Rutledge Announces Trial Victory Over Northwest Arkansas Used Auto DealerFri, Aug 17, 2018
Says, ‘Used car dealers must deliver title according to the law’
LITTLE ROCK – Attorney General Leslie Rutledge today announced Pulaski County Circuit Judge Chris Piazza has found northwest Arkansas auto dealer John Vancuren, and his wife Michelle Vancuren, as well as their companies, Infinity Auto Sales, Inc., Infinity Towing and Recovery, Inc. and Vancurens Auto Sales, Inc. liable for 59 violations of the Arkansas Deceptive Trade Practices Act. Judge Piazza ordered the Vancurens and their companies liable for $590,000 in civil penalties, $73,001.71 in restitution, and he enjoined the Vancurens from engaging in the business of used car sales.
“I applaud Judge Piazza’s ruling on behalf of the brave men and women who testified and stood up to John and Michelle Vancuren in Court,” said Attorney General Rutledge. “Used car dealers must deliver title according to the law. These types of deceitful actions by an Arkansas business, which harm consumers and the overall business community, must be met with strong consequences.”
The five-day bench trial had 26 witnesses testifying the Vancurens failed to deliver title to their cars, failed to satisfy prior liens on the vehicles and they otherwise failed to return money rightfully belonging to consumers.
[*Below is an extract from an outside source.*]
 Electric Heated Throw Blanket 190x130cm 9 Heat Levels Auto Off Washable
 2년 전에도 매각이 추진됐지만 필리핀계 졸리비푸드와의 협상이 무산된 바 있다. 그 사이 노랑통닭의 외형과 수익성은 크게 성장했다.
According to the complaint filed December 2016, the Vancurens routinely submitted a customer’s loan application to a third-party lender, and, if approved, the lender deposited the loan into the Vancurens’ bank account, leaving them with a lump sum of the loan proceeds and the borrower with the obligation to repay the lender. In several cases, however, the customer returned the purchased vehicle due to mechanical issues, and the Vancurens failed to return the loan proceeds, leaving the customer with a debt to pay and no vehicle. In other cases, the Vancurens convinced the consumer to purchase another vehicle with financing from a different third-party lender, but the Vancurens failed to refund the original loan proceeds, leaving the consumer with two loans on two different vehicles, but only one vehicle in possession.
Many consumer complaints have been received at the Attorney General’s office in response to the negative business practices of the Vancurens. One Arkansan described a June 2013 purchase of a Ford truck for which his sister co-signed. The consumer returned the truck to the lot six weeks after purchase because of mechanical issues. John Vancuren promised the consumer that his loan with Westlake had been paid off. Three years later, however, the consumer’s sister learned through a separate credit application that her credit report showed 24 months of late payments to Westlake for the truck. The Vancurens’ failure to pay off the transaction as promised resulted in a ruined credit history for the consumer and his sister, who has been unable to purchase a new car for her growing family.
A Spanish-speaking consumer purchased a Honda Civic from the Vancurens in August 2013. In September 2014, John Vancuren arranged to meet the consumer and her son, who spoke some English, at the dealership. Knowing that the consumer was not fluent in English, Vancuren took the consumer’s son inside and slipped out the back door to present the Spanish-speaking consumer with a document stating she “returned the car to the dealer instead of paying the balance on the car.” He told her if she would sign it, he would give her a $5,900 check for the equity in the car. The check never arrived, and the consumer was left without a car.